The drone’s kinematic state is estimated based on the measured velocity using a Kalman filter, which adopts a nearly constant acceleration (NCA) model [31]. The state of the Kalman filter is augmented to simultaneously estimate the drone’s state and bias in velocity [32]. Since the computational complexity of frame matching is high, the augmented-state Kalman filter with a zero-order hold scheme [33] is adopted for faster processing. The zero-order hold Kalman filter reuses the measurement until new measurements are available.

Figure 1 shows a block diagram of the proposed method. First, the drone’s velocity is measured by image-to-position conversion and frame-to-frame template matching using optimal windows. The instantaneous velocity calculated by the frame-to-frame template matching is input to the Kalman filter as the measurement value. Next, the drone’s state and bias in the velocity are estimated through the augmented Kalman filter.

In the experiment, a mini drone weighing less than 250 g [34] flies along two approximately 150 m long roads and captures video at 30 frame per second (FPS). One road is an urban environment, and the other is a suburban environment.
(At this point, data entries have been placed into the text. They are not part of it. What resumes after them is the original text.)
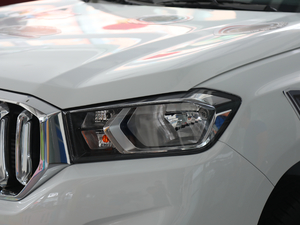 20172.0T ԄߵױPӢ͘ˎ  ^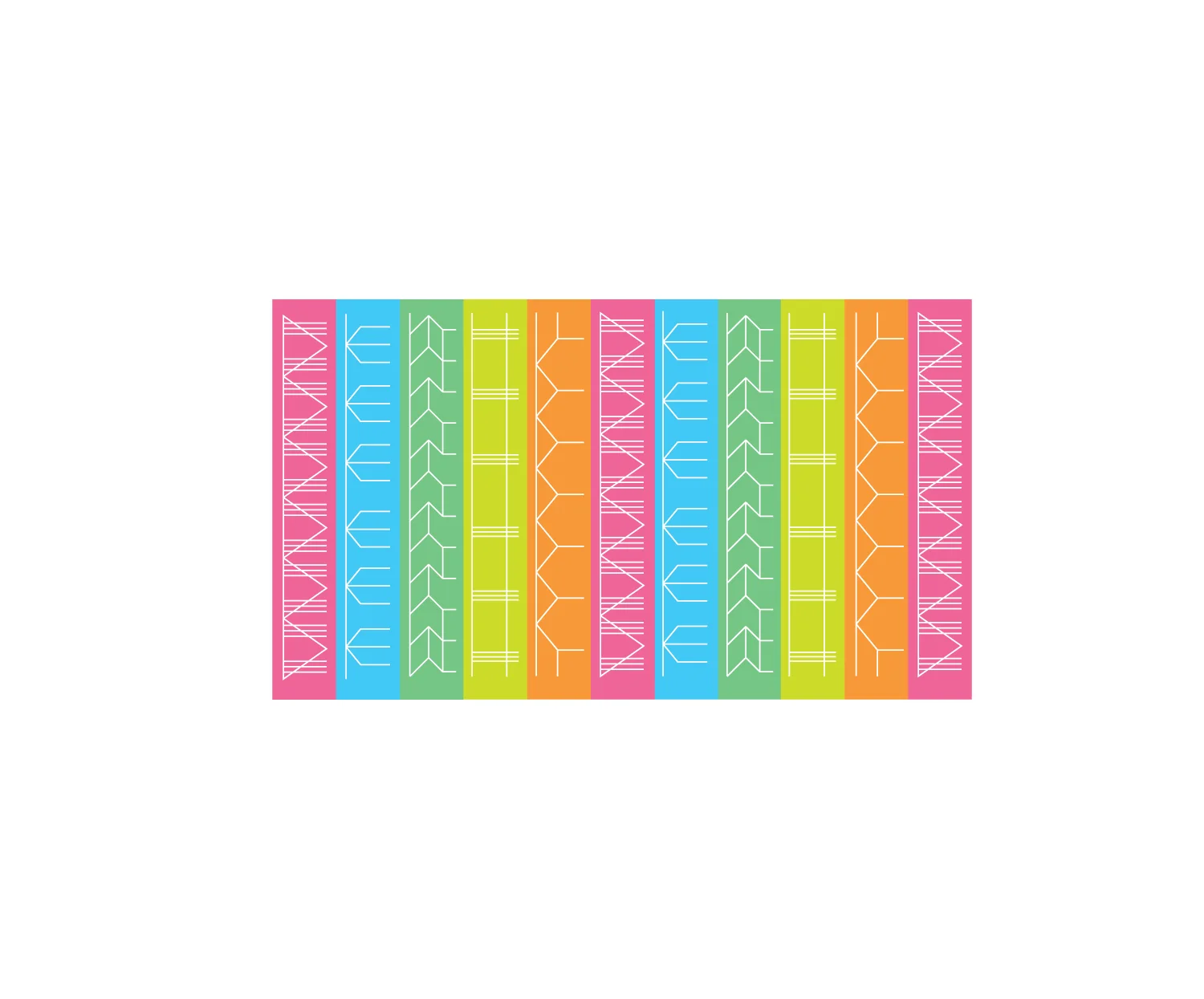 Back of business card for Cultivate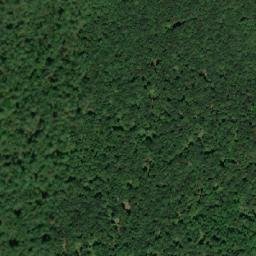 Satellite imagery of Oštrelj, BA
The drone starts from a stationary hovering position, accelerates to maximum speed, and continues to fly at a nearly constant speed at an altitude of 40 m and a camera tilt angle of 60 degrees. The frame size is 3840x2160 pixels, and the AFOV of the camera is assumed to be 64 and 40 degrees in horizontal and vertical directions, respectively. Ten flights were repeated on each road under various traffic conditions. For faster processing, four additional frame matching speeds (10, 3, 1, 0.5 FPS) were tested using the zero-order hold Kalman filter. The proposed method is shown to achieve the average flight distance errors of 3.57-3.52 m and 1.97-2.39 m for Roads 1 and 2, respectively.
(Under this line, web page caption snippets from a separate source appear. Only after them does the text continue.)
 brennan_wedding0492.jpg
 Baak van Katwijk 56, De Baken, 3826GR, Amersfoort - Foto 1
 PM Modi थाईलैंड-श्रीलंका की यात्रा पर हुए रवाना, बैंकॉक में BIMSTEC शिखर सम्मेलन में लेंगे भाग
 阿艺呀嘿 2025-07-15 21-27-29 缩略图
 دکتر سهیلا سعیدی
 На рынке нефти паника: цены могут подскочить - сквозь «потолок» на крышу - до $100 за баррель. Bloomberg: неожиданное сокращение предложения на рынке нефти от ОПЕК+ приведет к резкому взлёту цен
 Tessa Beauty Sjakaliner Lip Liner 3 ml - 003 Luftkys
The contributions of this study are as follows: (1) Multiple template selection using optimal windows is proposed. The optimal windows are determined only by the image size, the camera’s AFOV, elevation, and tilt angle. Therefore, the template selection process is independent of the scene or object. (2) The augmented-state Kalman filter is designed to improve the accuracy of the drone’s state. The drone’s flight distance is estimated with high accuracy, resulting in low-meter-level average errors, (3) Real-time processing is possible with the zero-order hold Kalman filter. This method maintains similar error levels even when the frame matching speed is reduced to 0.5 FPS.

The rest of the paper is organized as follows: the real-world conversion and frame-to-frame template matching with optimal windows are described in Section 2. Section 3 explains drone state estimation with the augmented state Kalman filter. Section 4 presents experimental results. Discussion and conclusions follow in Section 5 and Section 6, respectively.
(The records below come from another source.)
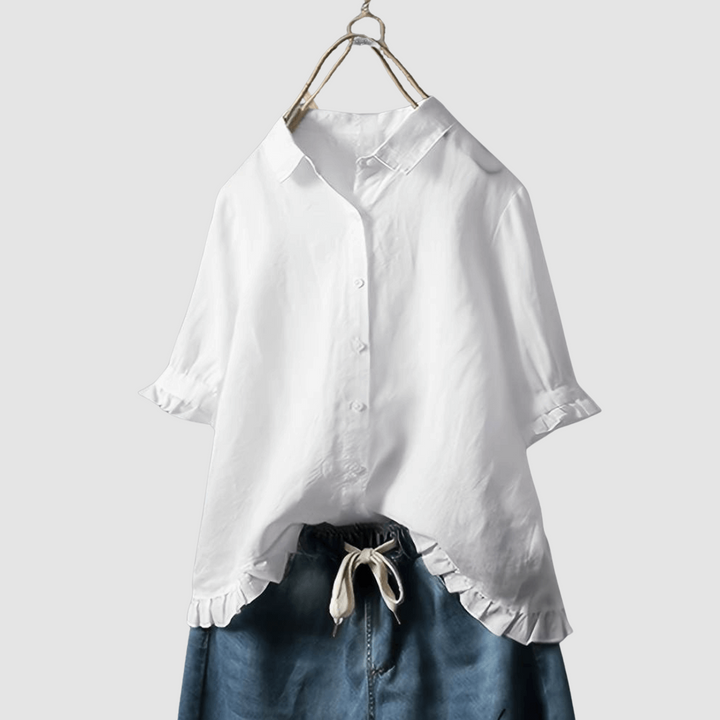 https://cdn.shopify.com/s/files/1/0903/1545/6846/files/Ontwerpzondertitel-2025-04-14T015635.050.png?v=1744590524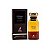 Perfume Maison Alhambra Eternal Touch Eau de Parfum Feminino 80ML - Imagem 1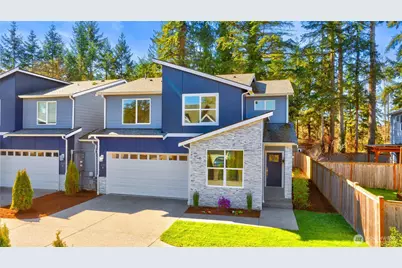 1120 131st Street SE #B, Everett, WA 98208 - Photo 3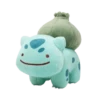 Plushies 2 14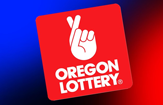 gambar prediksi oregon3 togel akurat bocoran Jaya4d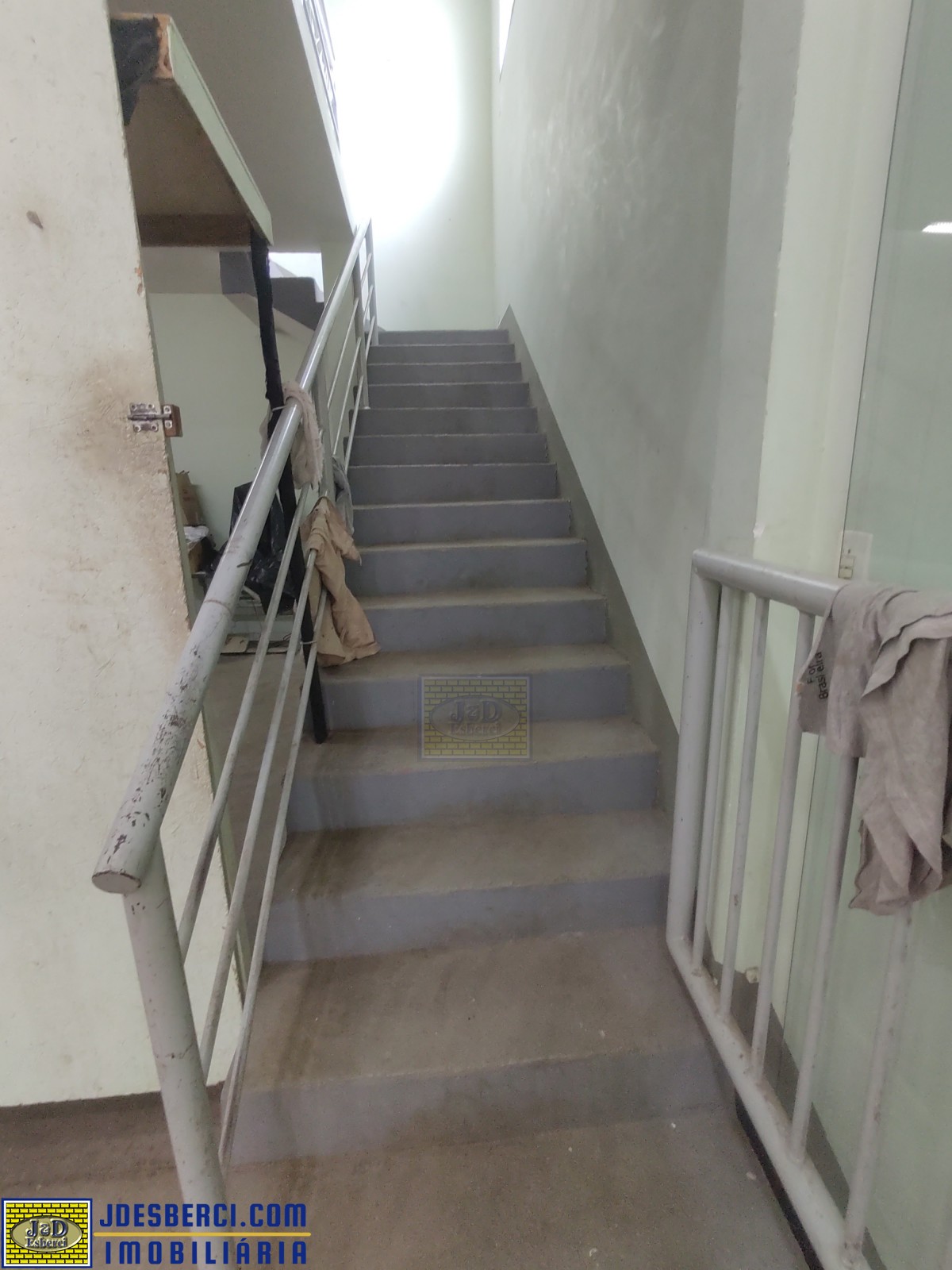 Conjunto Comercial-Sala à venda, 230m² - Foto 22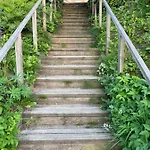 Valimontien Residenssi 쿠볼라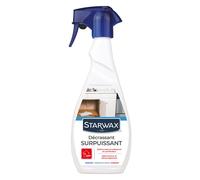 Nettoyant surpuissant multi surfaces 500 ml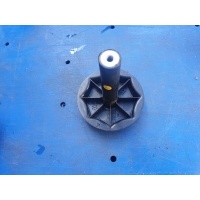 Болт багажника крышка audi a4 b9 8w9863695a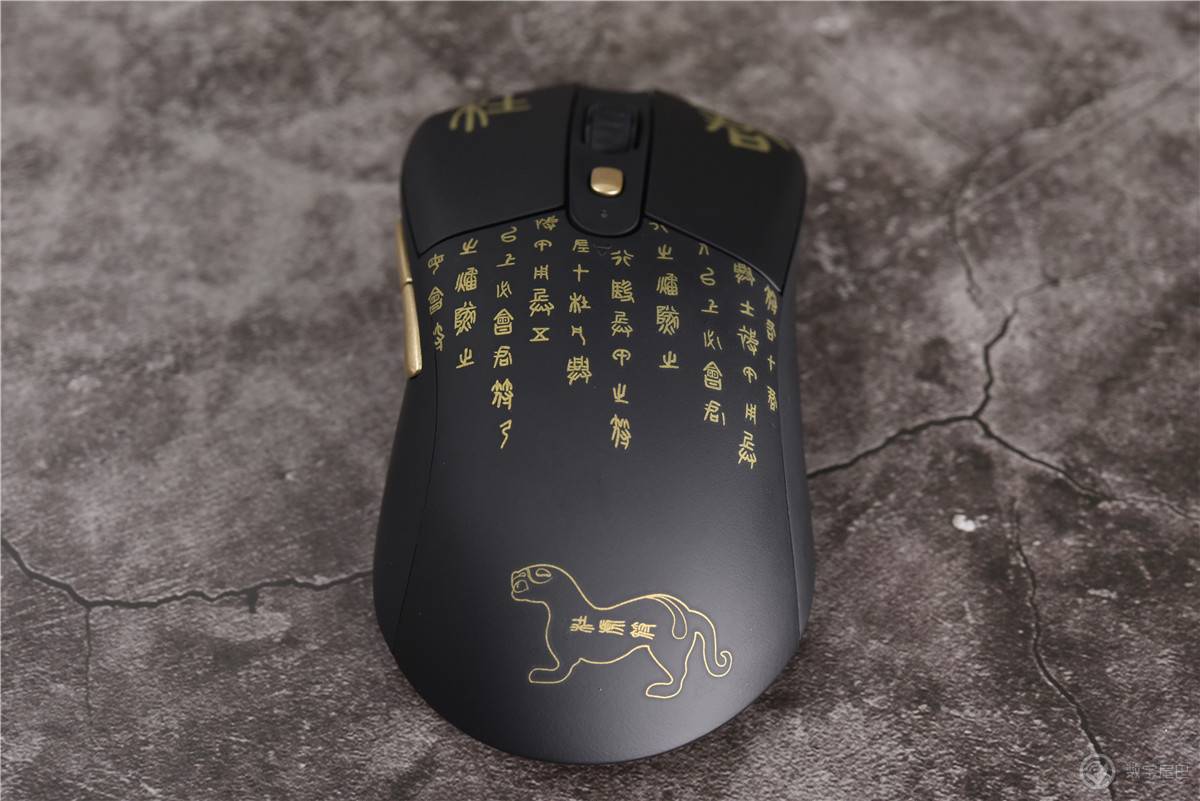 小巷宝藏小店揭秘,最新鼠标独家发现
2. Vision-Based Drone Velocity Computation

This section describes how the instantaneous velocity is measured by a combination of image to position conversion and frame to frame template matching based on optimal windows.

2.1. Image-to-Position Conversion

The image-to-position conversion [26] applies trigonometry to compute real-world coordinates from image pixel coordinates when the camera’s AFOV, elevation, and tilt angles are known. It is assumed that the camera rotates only around the pitch axis and the ground is flat. It provides a simple and direct conversion from pixel coordinates to real-world coordinates. However, the non-uniform spacing in the real-world coordinates arises as the tilt angle is larger and the altitude lower. The real-world position vector ${\mathit{x}}_{ij}$ corresponding to the (i, j) pixel is calculated as [26],

$$\begin{gathered} x_{ij}=\left(x_i,y_j\right)\approx \left(d_{{\displaystyle \frac{H}{2}}}·\mathrm{t}\mathrm{a}\mathrm{n}\left[\left(i-{\displaystyle \frac{W}{2}}+1\right){\displaystyle \frac{a_x}{W}}\right], h ·\mathrm{t}\mathrm{a}\mathrm{n}\left[{\theta }_T+\left({\displaystyle \frac{H}{2}}-j\right){\displaystyle \frac{a_y}{H}}\right]\right), \\ i=0,\dots ,W-1, j=0,\dots ,H-1, \end{gathered}$$

(1)

where W and H are the image sizes in the horizontal and vertical directions, respectively, h is the altitude of the drone or the elevation of the camera, $a_x$ and $a_y$ are the camera AFOV in the horizontal and vertical directions, respectively, and ${\theta }_T$ is the tilt angle of the camera; $d_{H/2}$ is the distance from the camera to ($x_{W/2-1}$, $y_{H/2}$,0), which is $h·\mathrm{s}\mathrm{e}\mathrm{c}\left({\theta }_T\right)$. Figure 2 illustrates the coordinate conversion from image to real-world [26].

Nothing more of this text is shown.